Enabling op model interface for constraints and L1 usage. #1554

mbezuljTT · 2024-12-10T16:41:00Z

This PR plumbs OpModelInterface to the underlying tt-metal op queries for validation and L1 memory consumption.

TTNNOpModelInterface.td getOpConstraints takes input(s) and output TTNNLayoutAttr and returns a tuple of three values:

A boolean indicating if the op is legal for the given input/output layouts.
If the op is legal, a tuple of three values representing the op memory L1 usage estimate in bytes.
- The first value is the CB L1 peak allocation in bytes.
- The second value is the Tensor L1 peak allocation in bytes.
- The third value is the Output L1 buffer allocation in bytes.
If the op is illegal, a string describing the failure.

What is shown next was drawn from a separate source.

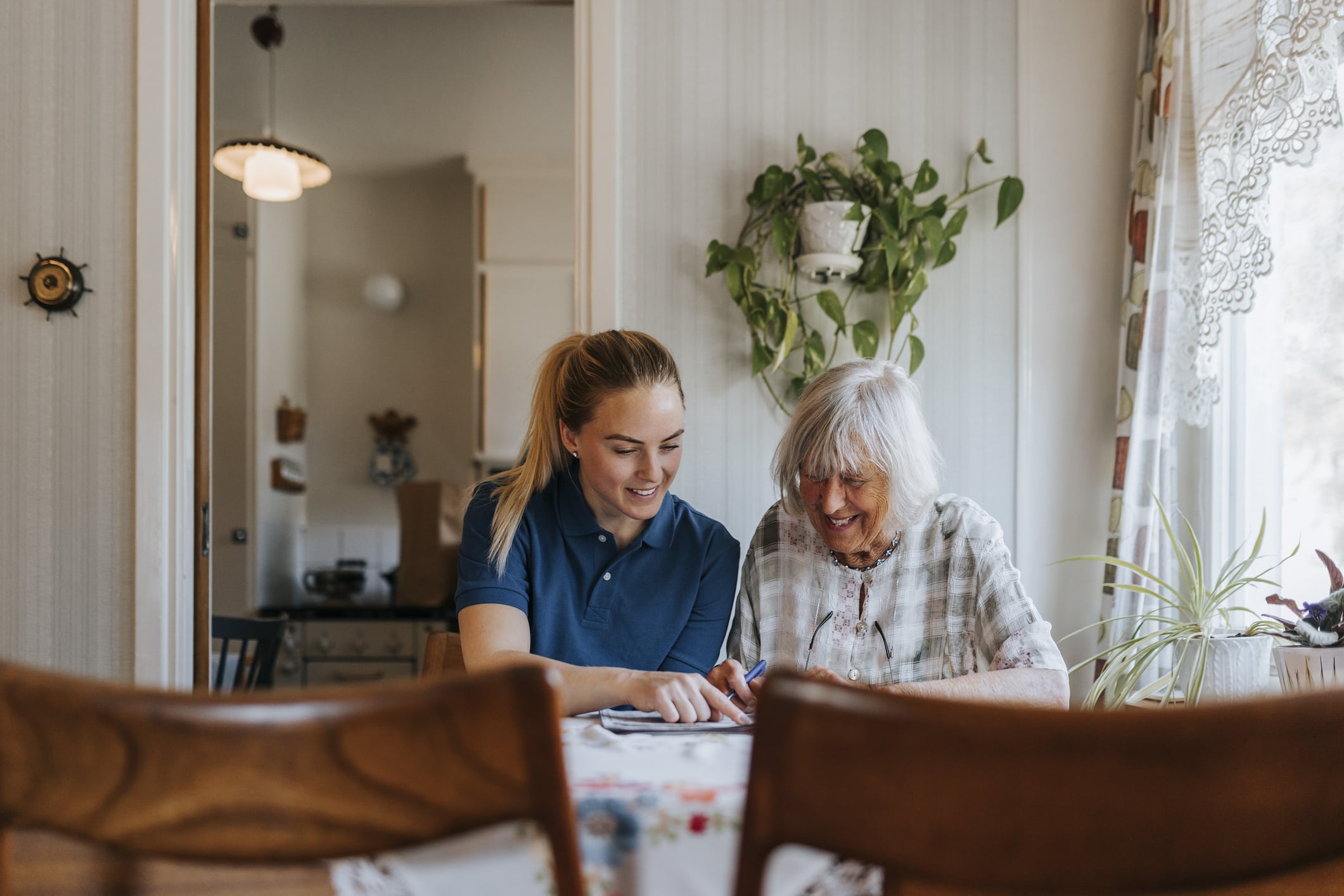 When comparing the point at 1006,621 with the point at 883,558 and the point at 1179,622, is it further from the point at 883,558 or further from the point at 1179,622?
the point at 1179,622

TTNNOpModelInterface.cpp implements hooks to the wrapper library 'TTNNOpModelLib' (where metal API is). Per each op, implementation takes

tensor shapes (llvm::ArrayRef<>) from its operands,
worker grid (used for virtual to physical cores conversion),
op specific params (like softmax dimension), and
with layouts TTNNLayoutsAttr
and pass them to the wrapper library TTNNOpModelLib.

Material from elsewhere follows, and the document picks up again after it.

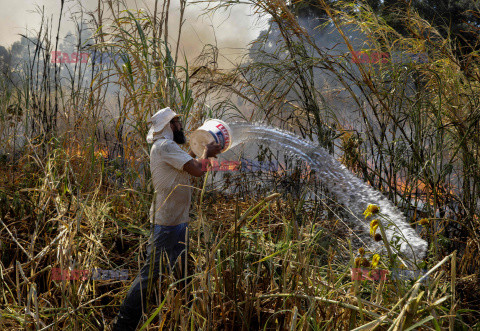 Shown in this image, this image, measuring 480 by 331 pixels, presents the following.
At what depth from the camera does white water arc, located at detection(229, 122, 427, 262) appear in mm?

TTNNOpModelLib converts mlir structures to metal structures, and calls into underlying 'tt-metal' op interface.

Underlying tt-metal op interface ::ttnn::graph::query_op_constraints(..) consumes a target op (e.g. 'ttnn::relu') and it's arguments in the order of op implemented ::invoke function that we are targeting.

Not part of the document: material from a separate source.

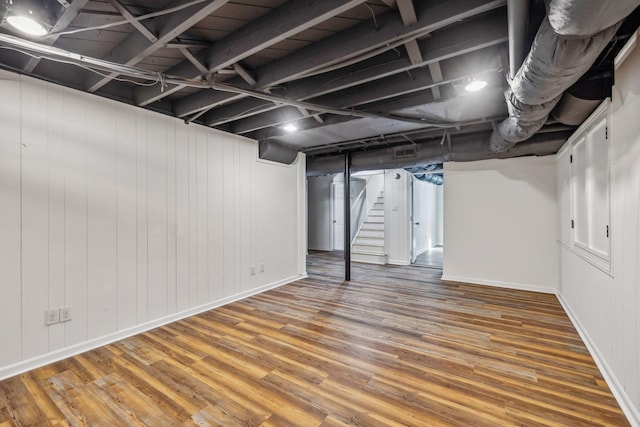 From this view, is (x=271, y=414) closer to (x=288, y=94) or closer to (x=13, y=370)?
(x=13, y=370)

Implemented SingletonDeviceContext to avoid constant opening/closing device. This class should ensure opened device is a mockup device when it's implemented on the tt-metal side (tenstorrent/tt-metal#14000)

Added 3 types of unit tests:

TestConversion - tests conversion of the MLIR to TTNN types
TestOpModelLib - tests interface to metal API
TestOpModelInterface - tests interface built in metal ops

Due to differences in tt-metal and LLVM project setups (compiler standard, exceptions) these are implemented as the place Google unit test. Unlike other unit tests that are also Google unit tests but wrapped into LLVM (and invoked using llvm-lit).

As these tests require TT hardware (until mockup device is implemented), changed Build tt-mlir op_model flavour to use n300 runners.

Additionally, wired op model interface in the ShardSolver; mnist_sharded.mlir compiles and runs. @odjuricicTT confirmed found solution is the one we expected.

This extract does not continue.